What is expected>
Word for word, copy all of the entries.

Given records>
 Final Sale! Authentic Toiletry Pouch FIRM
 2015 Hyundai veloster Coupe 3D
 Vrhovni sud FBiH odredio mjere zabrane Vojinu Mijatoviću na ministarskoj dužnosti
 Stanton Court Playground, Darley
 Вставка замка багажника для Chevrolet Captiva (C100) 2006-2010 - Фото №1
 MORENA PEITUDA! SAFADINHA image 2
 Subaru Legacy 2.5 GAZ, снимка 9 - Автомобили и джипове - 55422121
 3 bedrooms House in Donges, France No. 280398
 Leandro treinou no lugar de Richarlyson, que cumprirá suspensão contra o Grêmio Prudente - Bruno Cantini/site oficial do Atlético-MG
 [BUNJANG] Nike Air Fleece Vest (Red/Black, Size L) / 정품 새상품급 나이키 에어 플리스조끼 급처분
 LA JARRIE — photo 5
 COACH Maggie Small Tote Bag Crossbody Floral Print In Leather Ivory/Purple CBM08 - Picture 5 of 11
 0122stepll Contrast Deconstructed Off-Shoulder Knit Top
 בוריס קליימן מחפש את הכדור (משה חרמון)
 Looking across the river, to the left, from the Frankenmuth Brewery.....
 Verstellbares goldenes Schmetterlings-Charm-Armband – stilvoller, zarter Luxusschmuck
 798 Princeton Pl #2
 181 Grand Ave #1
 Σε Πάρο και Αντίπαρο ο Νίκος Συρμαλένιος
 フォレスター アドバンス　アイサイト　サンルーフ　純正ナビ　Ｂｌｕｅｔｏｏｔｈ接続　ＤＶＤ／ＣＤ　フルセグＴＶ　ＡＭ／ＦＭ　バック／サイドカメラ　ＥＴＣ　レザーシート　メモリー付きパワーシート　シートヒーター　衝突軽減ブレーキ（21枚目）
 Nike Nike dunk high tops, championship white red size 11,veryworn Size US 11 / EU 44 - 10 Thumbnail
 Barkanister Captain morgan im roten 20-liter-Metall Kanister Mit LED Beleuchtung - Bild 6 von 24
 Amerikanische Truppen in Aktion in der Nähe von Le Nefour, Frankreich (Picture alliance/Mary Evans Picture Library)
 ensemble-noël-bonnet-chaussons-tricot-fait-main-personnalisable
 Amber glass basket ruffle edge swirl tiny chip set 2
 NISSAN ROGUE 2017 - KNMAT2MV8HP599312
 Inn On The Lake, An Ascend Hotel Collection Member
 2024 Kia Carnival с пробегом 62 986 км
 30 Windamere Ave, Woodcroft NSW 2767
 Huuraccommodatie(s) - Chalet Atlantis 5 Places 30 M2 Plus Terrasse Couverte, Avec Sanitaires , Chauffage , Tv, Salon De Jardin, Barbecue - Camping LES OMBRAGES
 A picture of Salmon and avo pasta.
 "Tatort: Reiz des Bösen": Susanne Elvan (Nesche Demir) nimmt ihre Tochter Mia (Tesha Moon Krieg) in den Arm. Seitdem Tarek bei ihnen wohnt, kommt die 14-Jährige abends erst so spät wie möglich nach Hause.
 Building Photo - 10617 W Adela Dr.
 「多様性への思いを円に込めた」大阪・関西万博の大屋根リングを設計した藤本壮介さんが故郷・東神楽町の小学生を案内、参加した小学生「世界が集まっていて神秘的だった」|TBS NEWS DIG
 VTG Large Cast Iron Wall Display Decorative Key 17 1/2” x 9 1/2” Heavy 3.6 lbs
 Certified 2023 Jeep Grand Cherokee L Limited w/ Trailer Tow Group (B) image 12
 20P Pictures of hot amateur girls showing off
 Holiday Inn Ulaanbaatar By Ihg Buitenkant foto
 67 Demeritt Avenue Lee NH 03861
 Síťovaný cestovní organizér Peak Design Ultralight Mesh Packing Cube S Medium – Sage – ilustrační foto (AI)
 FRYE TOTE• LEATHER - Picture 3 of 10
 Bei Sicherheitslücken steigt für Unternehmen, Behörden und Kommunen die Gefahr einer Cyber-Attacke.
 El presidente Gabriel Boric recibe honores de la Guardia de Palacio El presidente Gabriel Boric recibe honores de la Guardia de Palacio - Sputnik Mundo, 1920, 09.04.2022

Response for this exercise>
 Final Sale! Authentic Toiletry Pouch FIRM
 2015 Hyundai veloster Coupe 3D
 Vrhovni sud FBiH odredio mjere zabrane Vojinu Mijatoviću na ministarskoj dužnosti
 Stanton Court Playground, Darley
 Вставка замка багажника для Chevrolet Captiva (C100) 2006-2010 - Фото №1
 MORENA PEITUDA! SAFADINHA image 2
 Subaru Legacy 2.5 GAZ, снимка 9 - Автомобили и джипове - 55422121
 3 bedrooms House in Donges, France No. 280398
 Leandro treinou no lugar de Richarlyson, que cumprirá suspensão contra o Grêmio Prudente - Bruno Cantini/site oficial do Atlético-MG
 [BUNJANG] Nike Air Fleece Vest (Red/Black, Size L) / 정품 새상품급 나이키 에어 플리스조끼 급처분
 LA JARRIE — photo 5
 COACH Maggie Small Tote Bag Crossbody Floral Print In Leather Ivory/Purple CBM08 - Picture 5 of 11
 0122stepll Contrast Deconstructed Off-Shoulder Knit Top
 בוריס קליימן מחפש את הכדור (משה חרמון)
 Looking across the river, to the left, from the Frankenmuth Brewery.....
 Verstellbares goldenes Schmetterlings-Charm-Armband – stilvoller, zarter Luxusschmuck
 798 Princeton Pl #2
 181 Grand Ave #1
 Σε Πάρο και Αντίπαρο ο Νίκος Συρμαλένιος
 フォレスター アドバンス　アイサイト　サンルーフ　純正ナビ　Ｂｌｕｅｔｏｏｔｈ接続　ＤＶＤ／ＣＤ　フルセグＴＶ　ＡＭ／ＦＭ　バック／サイドカメラ　ＥＴＣ　レザーシート　メモリー付きパワーシート　シートヒーター　衝突軽減ブレーキ（21枚目）
 Nike Nike dunk high tops, championship white red size 11,veryworn Size US 11 / EU 44 - 10 Thumbnail
 Barkanister Captain morgan im roten 20-liter-Metall Kanister Mit LED Beleuchtung - Bild 6 von 24
 Amerikanische Truppen in Aktion in der Nähe von Le Nefour, Frankreich (Picture alliance/Mary Evans Picture Library)
 ensemble-noël-bonnet-chaussons-tricot-fait-main-personnalisable
 Amber glass basket ruffle edge swirl tiny chip set 2
 NISSAN ROGUE 2017 - KNMAT2MV8HP599312
 Inn On The Lake, An Ascend Hotel Collection Member
 2024 Kia Carnival с пробегом 62 986 км
 30 Windamere Ave, Woodcroft NSW 2767
 Huuraccommodatie(s) - Chalet Atlantis 5 Places 30 M2 Plus Terrasse Couverte, Avec Sanitaires , Chauffage , Tv, Salon De Jardin, Barbecue - Camping LES OMBRAGES
 A picture of Salmon and avo pasta.
 "Tatort: Reiz des Bösen": Susanne Elvan (Nesche Demir) nimmt ihre Tochter Mia (Tesha Moon Krieg) in den Arm. Seitdem Tarek bei ihnen wohnt, kommt die 14-Jährige abends erst so spät wie möglich nach Hause.
 Building Photo - 10617 W Adela Dr.
 「多様性への思いを円に込めた」大阪・関西万博の大屋根リングを設計した藤本壮介さんが故郷・東神楽町の小学生を案内、参加した小学生「世界が集まっていて神秘的だった」|TBS NEWS DIG
 VTG Large Cast Iron Wall Display Decorative Key 17 1/2” x 9 1/2” Heavy 3.6 lbs
 Certified 2023 Jeep Grand Cherokee L Limited w/ Trailer Tow Group (B) image 12
 20P Pictures of hot amateur girls showing off
 Holiday Inn Ulaanbaatar By Ihg Buitenkant foto
 67 Demeritt Avenue Lee NH 03861
 Síťovaný cestovní organizér Peak Design Ultralight Mesh Packing Cube S Medium – Sage – ilustrační foto (AI)
 FRYE TOTE• LEATHER - Picture 3 of 10
 Bei Sicherheitslücken steigt für Unternehmen, Behörden und Kommunen die Gefahr einer Cyber-Attacke.
 El presidente Gabriel Boric recibe honores de la Guardia de Palacio El presidente Gabriel Boric recibe honores de la Guardia de Palacio - Sputnik Mundo, 1920, 09.04.2022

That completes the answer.